What is expected → Make an exact copy of the whole listing, but leave its pictures out.

Data segment →
──────
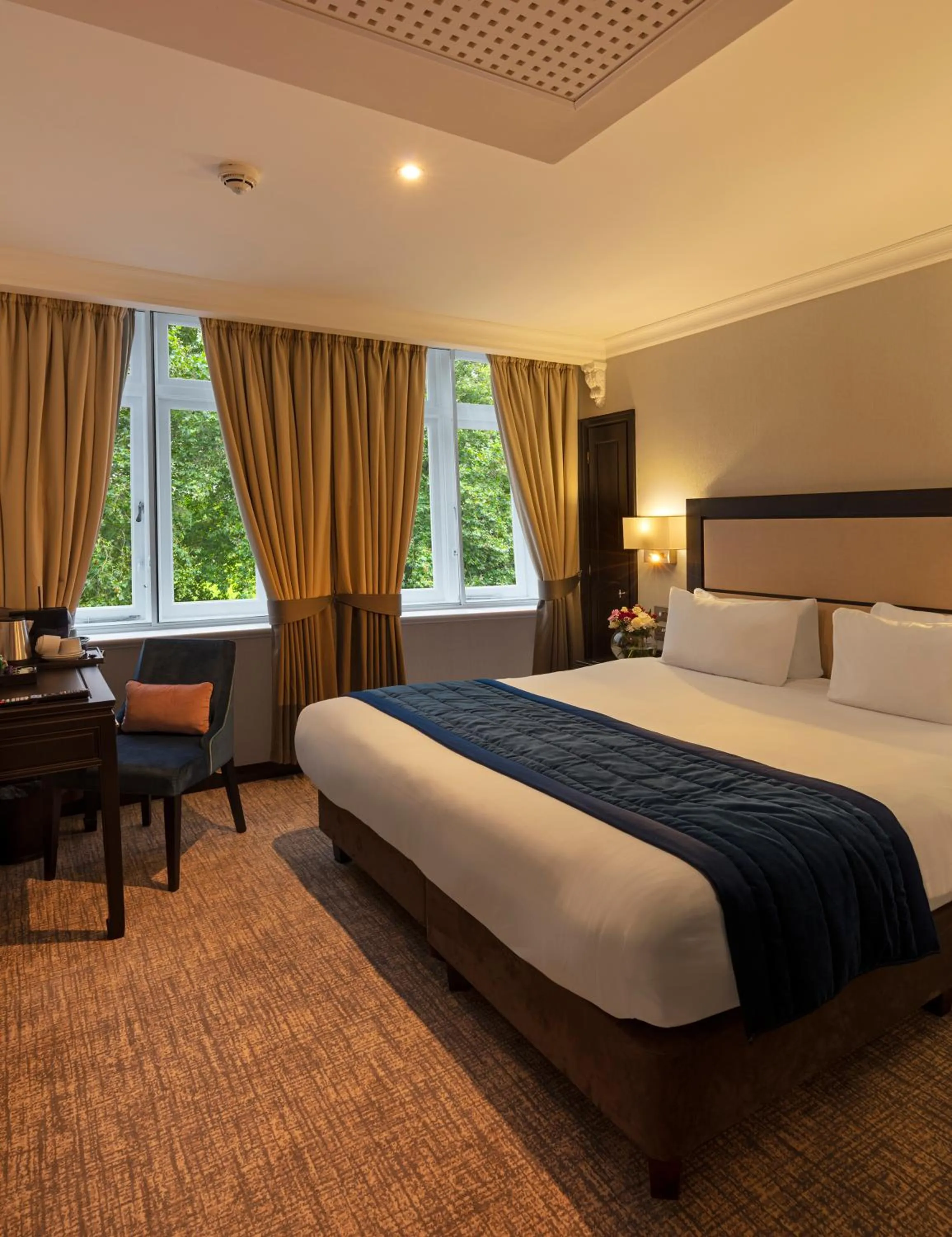 Bed in Wellington Hotel by Blue Orchid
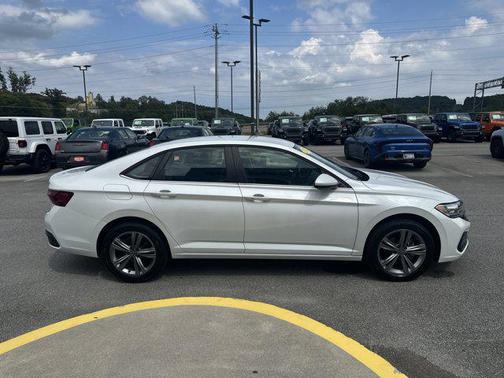 2022 Volkswagen Jetta 1.5T SE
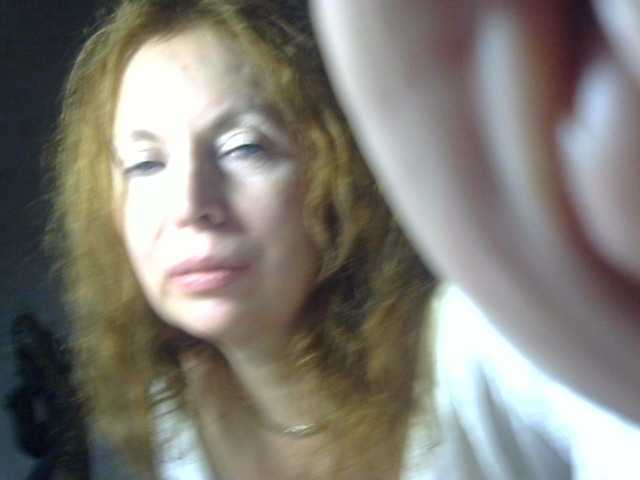модель Daniella854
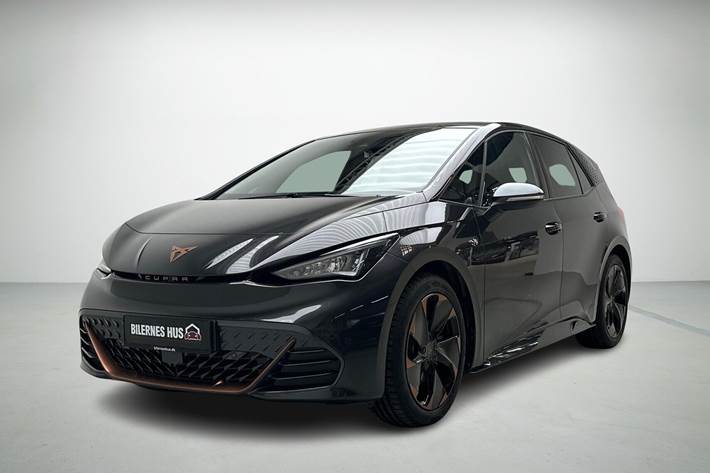 Grå Cupra Born fra 2022 set udefra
──────
Result for this task →
 Bed in Wellington Hotel by Blue Orchid
 2022 Volkswagen Jetta 1.5T SE
модель Daniella854
 Grå Cupra Born fra 2022 set udefra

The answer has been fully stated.